Testaram novamente o Robot e para surpresa dos alunos: “Sim, faz diferença”. O Robot concluiu com perfeição o percurso. Repetiram os testes e confirmaram que, dependendo de onde o Robot era posicionado (à esquerda, à direita ou no centro da linha preta) a mesma programação produzia resultados diferentes.

Entretanto, o grupo que tinha o Robot denominado de DNR também já tinha conseguido programá-lo para seguir a linha.

O M foi observar o desempenho do Robot e verificou que o DRN tinha sido colocado no lado direito da linha e que estava a correr bem, isto é, não se desviava no percurso.

M: Mas afinal, porque é que o nosso segue a linha corretamente se for colocado à esquerda da linha e o delas à direita da linha?

Aqui gerou-se um diálogo entre os alunos dos dois grupos. Fizeram testes com os Robots, compararam o desempenho dos Robots e as programações efetuadas pelos grupos e chegaram à conclusão de que tinham criado programas diferentes para o Robot seguir a linha. E deste modo, concluíram que, dependendo da programação efetuada, tinham que ter o cuidado de colocar o Robot no ‘lado certo da linha’ para ter o melhor desempenho. Estas conclusões foram importantes e cruciais para o desempenho dos Robots durante as corridas.

A programação e experimentação foi um processo dinâmico que esteve presente na forma de atuação dos alunos. Ao experimentarem a programação abria-se espaço para refletirem sobre a mesma. Ao alterarem a programação, desenvolveram o diálogo e a capacidade de criação de estratégias, uma vez que tinham que justificar e acordar, com os colegas de grupo, a programação que estavam a fazer. Ao criar estratégias, ao apresentar e ao justificar as suas perspetivas e procedimentos, desenvolveram a capacidade de argumentar e de raciocinar.

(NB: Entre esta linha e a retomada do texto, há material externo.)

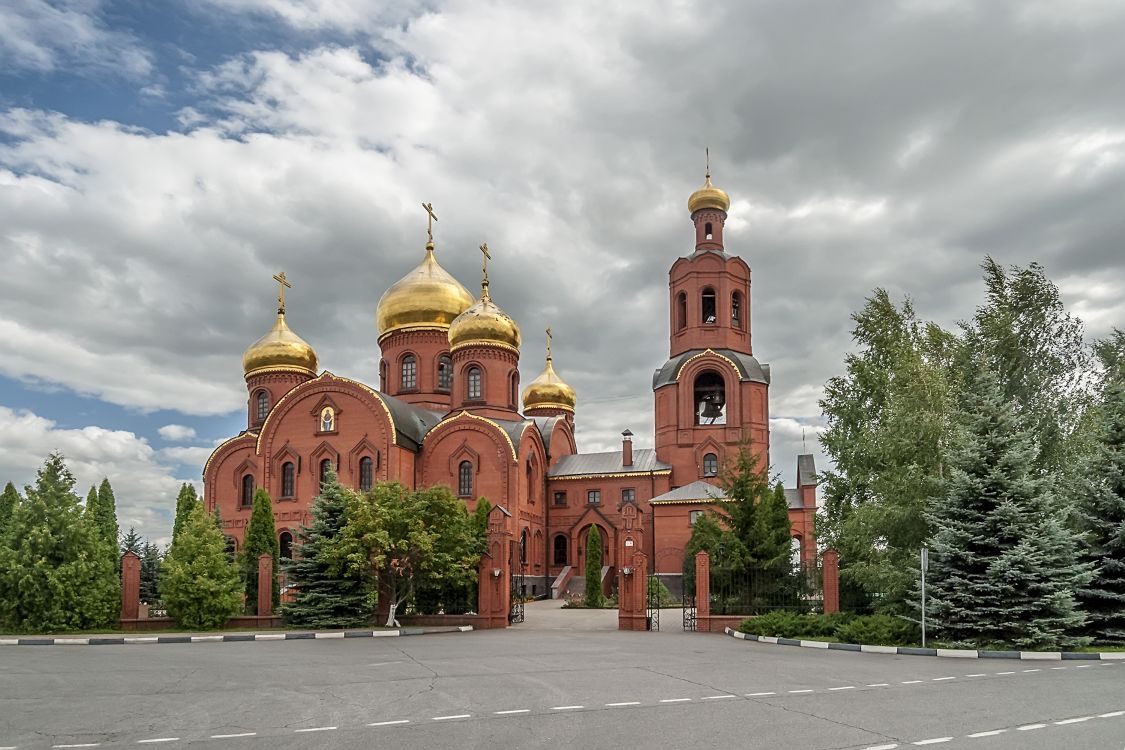 Губкин. Кафедральный собор Спаса Преображения. общий вид в ландшафте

Ao programarem, ao explicarem e ao tentarem compreender a programação, os alunos construíram perspetivas partilhadas, estabeleceram e justificaram conexões lógicas entre a programação que fizeram e o desempenho do seu Robot. Este processo foi importante e fundamental para o desenvolvimento de uma programação cada vez mais eficiente e eficaz bem como para o desenvolvimento da criatividade e da criticidade, capacidades importantes para o quotidiano dos alunos.

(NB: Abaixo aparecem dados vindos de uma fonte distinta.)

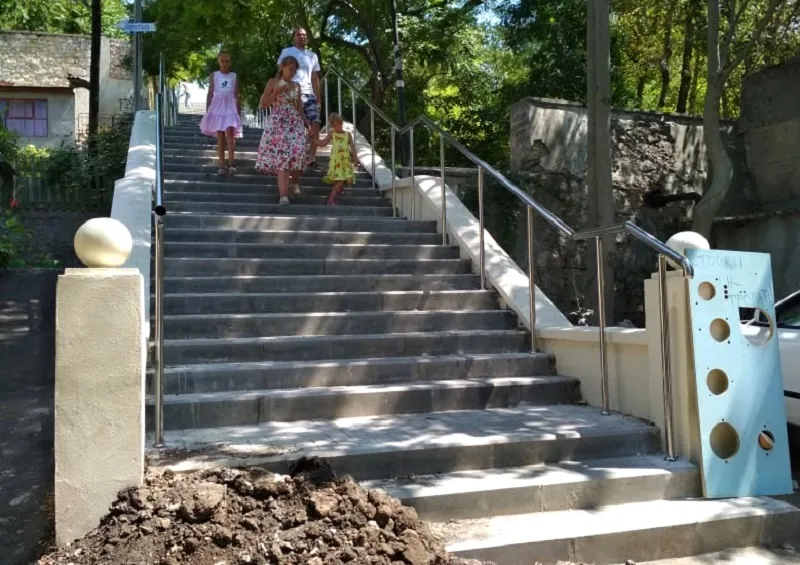 В Севастополе доводят до ума опасную лестницу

Na dinâmica de trabalho estabelecida, entre nós e os alunos, errar mostrou-se uma experiência indissociável do processo de aprendizagem. Ao analisarem os erros cometidos, os alunos conseguiram descobrir e evidenciar conhecimentos e relações que não se manifestariam se esperássemos e desejássemos apenas os momentos em que resolveram com sucesso os desafios. Ao errar e tentar compreender o porquê desses erros os alunos foram capazes de estabelecer conexões lógicas indispensáveis à construção do seu conhecimento (Fernandes, 2013a; Lopes, 2013a; Martins, 2013). E, mais uma vez, alteraram o que consideravam sobre a aprendizagem da Matemática. Reconheceram que o erro pode ser algo importante para a aprendizagem.